Algebraic approaches for coded caching and distributed computing
Is Version Of
This dissertation examines the power of algebraic methods in two areas of modern interest: caching for large scale content distribution and straggler mitigation within distributed computation.
Caching is a popular technique for facilitating large scale content delivery over the Internet. Traditionally, caching operates by storing popular content closer to the end users. Recent work within the domain of information theory demonstrates that allowing coding in the cache and coded transmission from the server (referred to as coded caching) to the end users can allow for significant reductions in the number of bits transmitted from the server to the end users. The first part of this dissertation examines problems within coded caching.
The original formulation of the coded caching problem assumes that the server and the end users are connected via a single shared link.

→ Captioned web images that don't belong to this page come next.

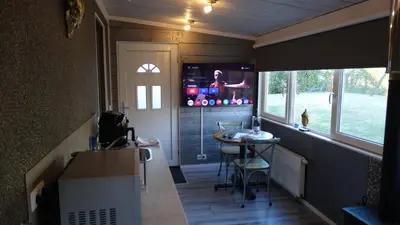 a small kitchen with a table in a tiny house at Carpe Diem in Zandvoort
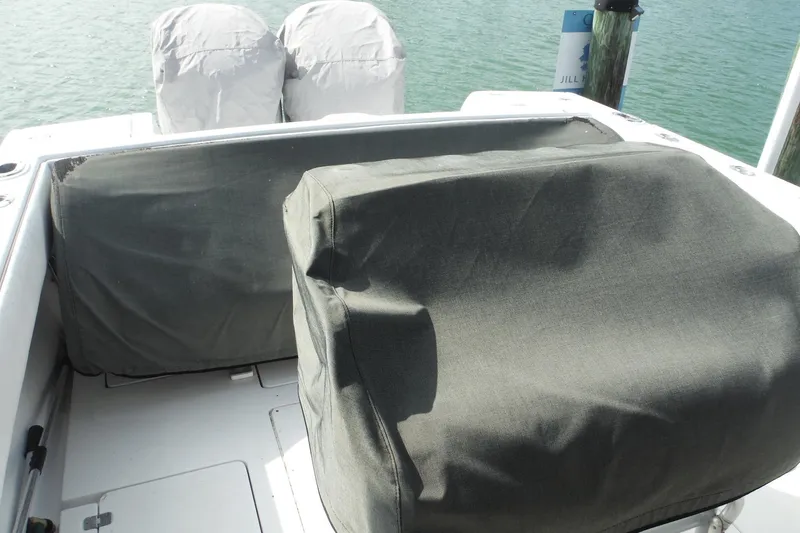 Slide: The Image of 1999 Intrepid 289 Center Console boat with covered engines at dock. - 4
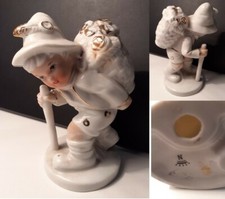 Statua Porcellana bianco oro con bimbo montanaro con gerla e bastone; Marchio N
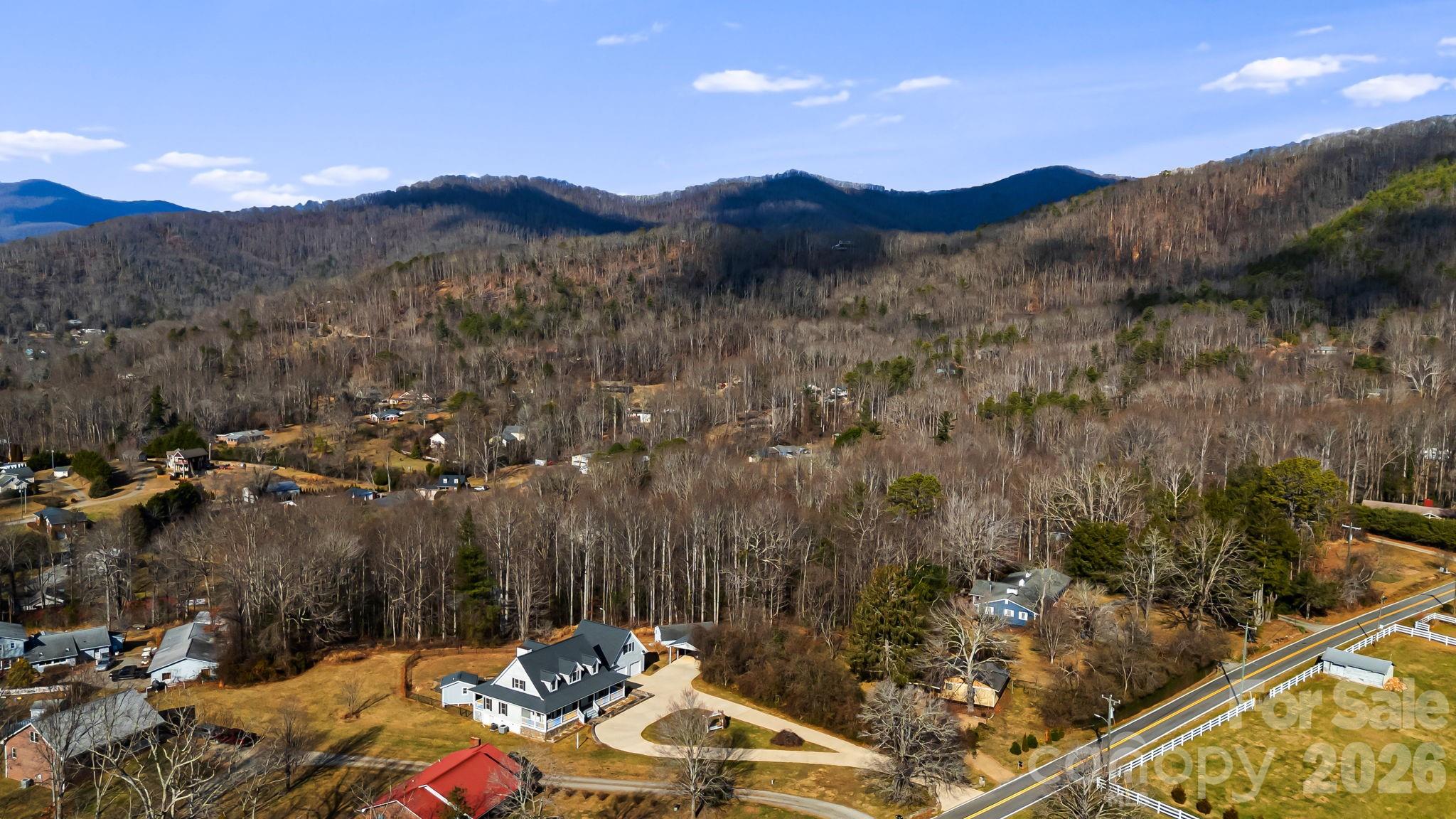 427 McCoy Cove Road Black Mountain, NC 28711 - Photo 42 of 47 a view of a house with a mountain and a forest
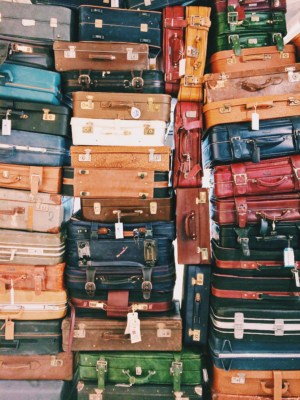 Suitcases of different colours packed on top of each other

In Chapter 2, we consider a more general topology where there is a layer of relay nodes between the server and the users. We propose novel schemes for a class of such networks that satisfy a so-called resolvability property and demonstrate that the performance of our scheme is strictly better than previously proposed schemes. Moreover, the original coded caching scheme requires that each file hosted in the server be partitioned into a large number (i.e., the subpacketization level) of non-overlapping subfiles. From a practical perspective, this is problematic as it means that prior schemes are only applicable when the size of the files is extremely large. In Chapter 3, we propose a novel coded caching scheme that enjoys a significantly lower subpacketization level than prior schemes, while only suffering a marginal increase in the transmission rate. We demonstrate that several schemes with subpacketization levels that are exponentially smaller than the basic scheme can be obtained.
The second half of this dissertation deals with large scale distributed matrix computations. Distributed matrix multiplication is an important problem, especially in domains such as deep learning of neural networks. It is well recognized that the computation times on distributed clusters are often dominated by the slowest workers (called stragglers). Recently, techniques from coding theory have found applications in straggler mitigation in the specific context of matrix-matrix and matrix-vector multiplication. The computation can be completed as long as a certain number of workers (called the recovery threshold) complete their assigned tasks.
In Chapter 4, we consider matrix multiplication under the assumption that the absolute values of the matrix entries are sufficiently small. Under this condition, we present a method with a significantly smaller recovery threshold than prior work. Besides, the prior work suffers from serious numerical issues owing to the condition number of the corresponding real Vandermonde-structured recovery matrices; this condition number grows exponentially in the number of workers. In Chapter 5, we present a novel approach that leverages the properties of circulant permutation matrices and rotation matrices for coded matrix computation. In addition to having an optimal recovery threshold, we demonstrate an upper bound on the worst case condition number of our recovery matrices grows polynomially in the number of workers.